You can see the different phases of me: my senior picture 20 years ago and the weight I carry in my face now (believe me, I carry a lot more in my belly area but I'm not ready to post those pics...ugh); a picture of me three years ago which was taken during the phase when my weight started going up and down by 20 pounds without any help from me; and then my children and husband who I want to be healty for. What fun is it for my kids if when mom gets on the floor to play with them, it isn't as easy getting back up again or I tire easier than I should be at my age?
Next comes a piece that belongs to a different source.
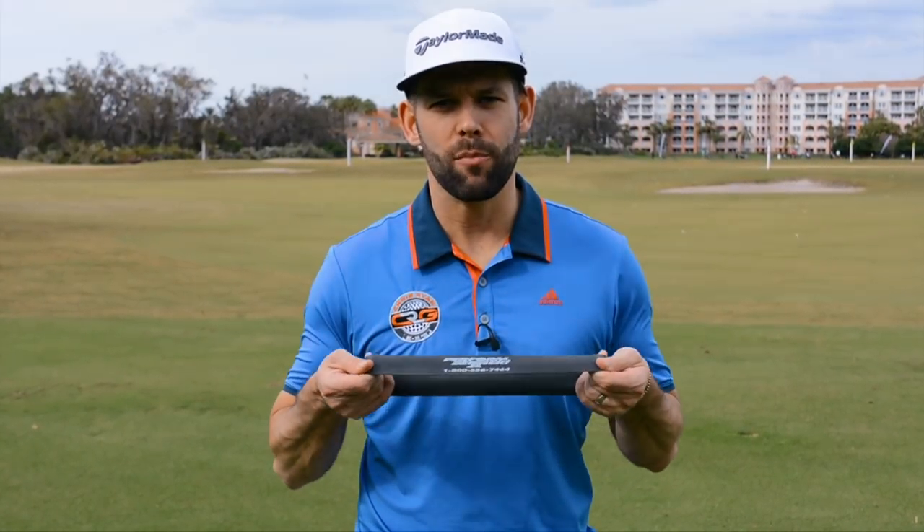Hi, my name is Chris Ryan and in today's video we're going to show you how you can use a TheraBand like this one to help improve your lower body action and give you more stability in your golf swing.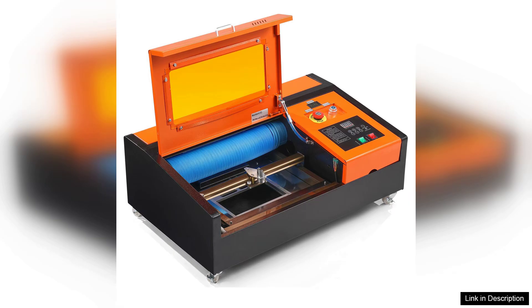While the Weber 40 laser engraver excels in many areas, it may not be suitable for heavy industrial use. For hobbyists and small business owners, it offers an excellent balance of performance and affordability.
I want some of who I used to be back again. I want to be 25 pounds lighter. 25 pounds isn't going to take me back to a size 2; I don't want to be a size 2 like in my senior picture above (if I was even a 2...might have been a 0). I am too tall and was way too skinny at the weight I was when I was a size 2. It didn't look healthy. I want to be a size 6 or 8. I want to feel sexy in my own skin again. I want to put on a piece of clothing and say, "Damn, I look good." Better yet, I want to say, "Damn, I feel good!" I thought if I wrote about it, it would stay in the forefront of my mind...that I wouldn't let it go.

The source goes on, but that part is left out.